Review: I really enjoyed reading this book. I have also read The Joy Luck Club, and was glad to see Amy Tan continue to explore the mother-daughter bond, which is so strong and complicated - no matter the race, creed or color.

I have decided that I am a big fan of Amy Tan's; her stories are so well written that I sometimes feel like I'm eavesdropping on the characters conversations, and seeing what they are seeing. And what characters she creates!! While Wen Fu was one of the most despicable characters that I have read about in a while, Jimmie Louie was an absolutely great guy, and his love for Winnie was heartwarming (she SO deserved it!!!).

Winnie was right, she was like the Kitchen God's wife; she was a very good wife to an evil man, who was loved and admired by people for all the wrong reasons. But good always wins in the end!

Rating: 4 stars
Summary: still a good book
Review: To me this book wasn't as good as the joy luck club, but it's still a good book. I felt that this book is very similar to the joy luck club. It almost didn't really change storyline. maybe it's just me but I'm one of those people who can't read the same thing twice. I can read a book twice but not 2 different books with similar storyline. anyways I think this book is good but not as good as some others.

Rating: 5 stars
Summary: On Kitchen God's Wife
Review: I could not put that book down. A masterpiece in conflict, character development, and poetic language, this book was wonderful. I particularly enjoyed the use of narration implmented to keep the story line going.

Rating: 3 stars
Summary: Culturally illuminating
Review: A well-written story that exposes the cultural hardships of life for women in 1930's and 40's China through the story of Winnie. Winnie has kept many secrets of her life from everyone she loves -- everyone except her friend Helen who now suddenly decides to tell these secrets to Winnie's adult daughter, Pearl. Faced with being exposed, Winnie sits Pearl down and tells her the truths of her life, her sufferings and hardships and misfortunes.

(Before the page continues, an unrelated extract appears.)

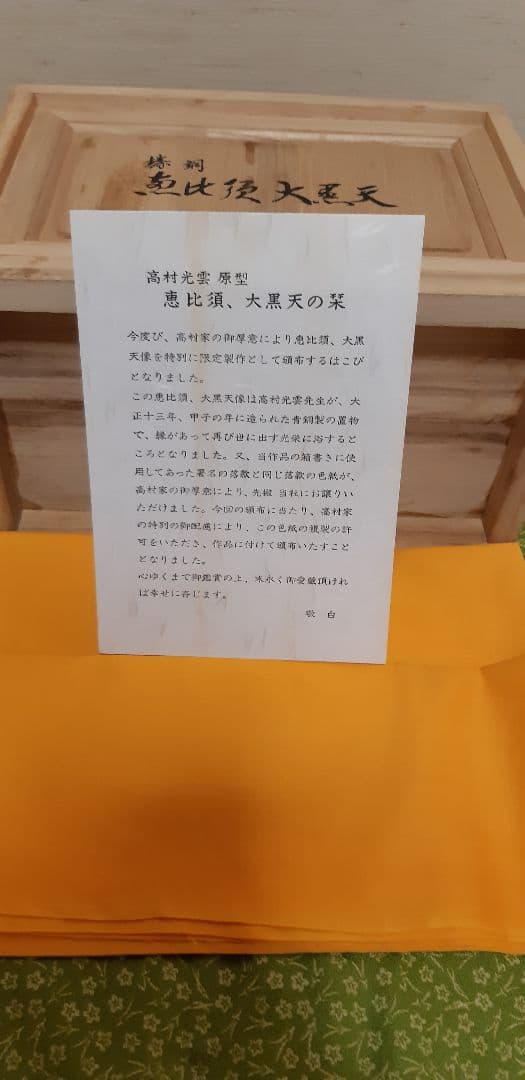 高村光雲 特別限定品 古道具 原型 恵比寿大黒天 青銅製 置物 高村光雲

This was an interesting and well-written book, but my experience of it was interrupted by Tan's switching of narrators. Tan begins the novel with Pearl as narrator and then shortly into the book she switches to Winnie as narrator. We only hear her daughter's voice again at the end. So she sets the reader up for one voice but then she abandons that voice in favor of another. The other difficulty I had was that the further into the story I read, the more emotionally excruciating the experience of reading it became. There was nothing but misery everywhere for its characters. It was really more than both Winnie and I could take. Tan never lets up and by the end you just get tired of misfortune after misfortune after misfortune -- the story almost loses credibility because of it.